Tiger Airways seeks higher fuel surcharge
MANILA, Philippines - Tiger Airways Philippines is set to raise fares for its international routes as it seeks the approval of the Civil Aeronautics Board (CAB) to impose higher fuel surcharge.
Tiger Airways said it is seeking an upward adjustment of fuel surcharge of between six percent and as much as 22 percent on international passenger tickets due to the rising cost of aviation fuel in the world market.
The airline wants to raise the fuel surcharge on Clark to Singapore passengers 7.5 percent to P860 per passenger from P800 as well as Clark to Bangkok passengers by about six percent to P900 from P850.
The low-cost carrier also intends to hike by 22.2 percent the fuel surcharge imposed on passengers of Kalibo to Singapore flights to P1,100 per passenger from P900.
The CAB allows airlines to impose fuel surcharge on international and domestic passengers as a temporary relief to help them recover losses arising from the increase in jet fuel prices in the world market.
Latest results of the Jet Fuel Price Monitor of the International Air Transportation Association (IATA) showed that average price of jet fuel rose 1.1 percent to $127 per barrel from a month ago, exceeding the full year target of $124.5 per barrel set by IATA.

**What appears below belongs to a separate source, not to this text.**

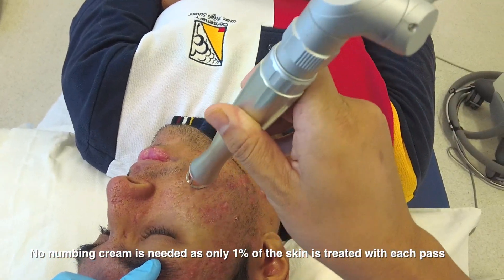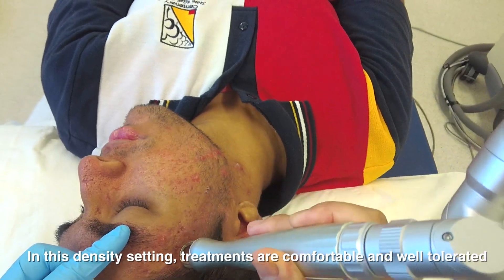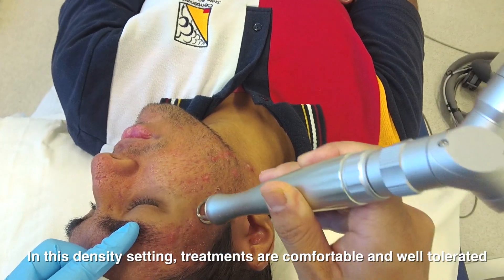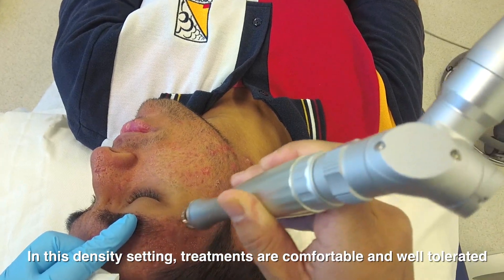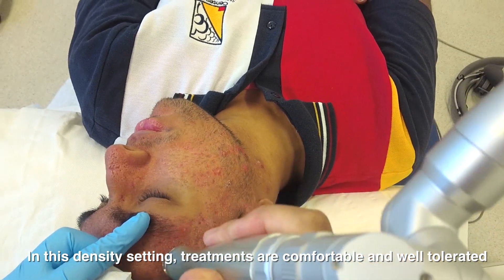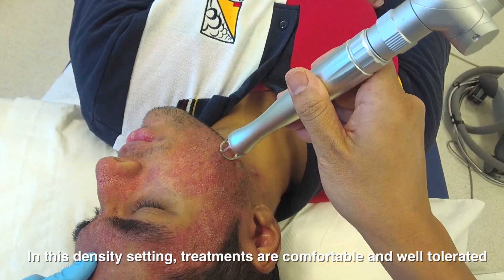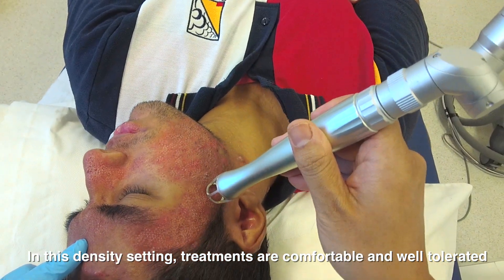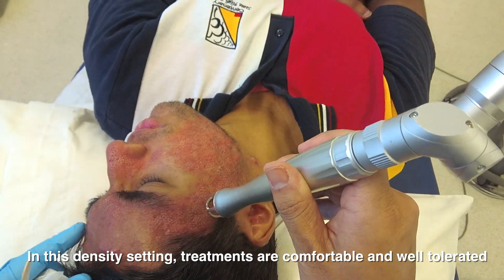This is what you're feeling. It's not too bad, is it? No, it's all right. So if you keep moving really, really quickly, you can see that the procedure itself is quite tolerable for the patient. Just pinching — it's like pinching, exactly. Nearly done. Okay, done.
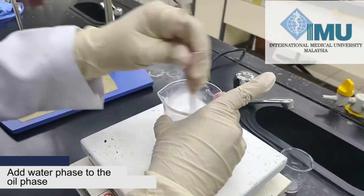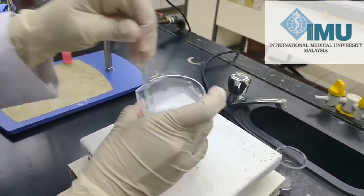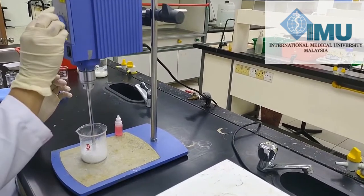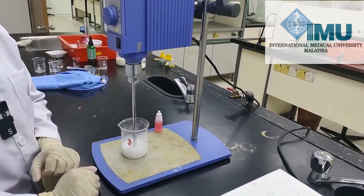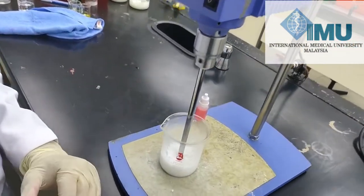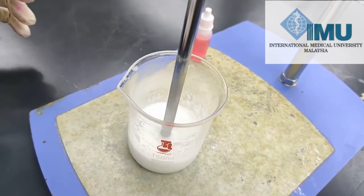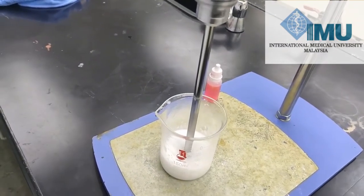Now we have mixed all the ingredients together. To make a smooth structure we will stir it using a stirrer for a few minutes. Shampoo is not as thick as conditioner — it will be a little more flowy compared to conditioner.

Last July, Tiger Airways has already raised the fuel surcharge for its flights to Singapore and Bangkok via the Clark International Airport in Pampanga and Kalibo International Airport in Aklan.
The local unit of Singapore’s Tiger Airways is undertaking a massive re-fleeting program as it initially intends to triple its revenues and increase its market share in the local aviation industry starting this year.
The budget airline intends to beef up its existing fleet of five aircraft consisting of two Airbus A320 and three A319 aircraft to 25 within the next three to five years. It intends to acquire at least three to four aircraft per year over the next three to five years.
Tiger Airways chief executive officer Olive Ramos said the airline expects revenues to increase by half in the next fiscal year to P7.5 billion from about P5 billion this fiscal year due to robust demand.
After launching flights to Phuket in Thailand, the airline is looking at other destinations such as Japan and South Korea.
In August last year Tiger Airways, through wholly-owned subsidiary Roar Aviation II Pte Ltd, acquired a 40-percent stake in Seair for a total consideration of $2.5 million. The investment in Seair is Tiger’s second joint venture after it acquired a 33-percent stake in Mandala Airlines in Indonesia.
The other 60 percent of Tiger Airways Philippines is owned by a group of Filipino businessmen.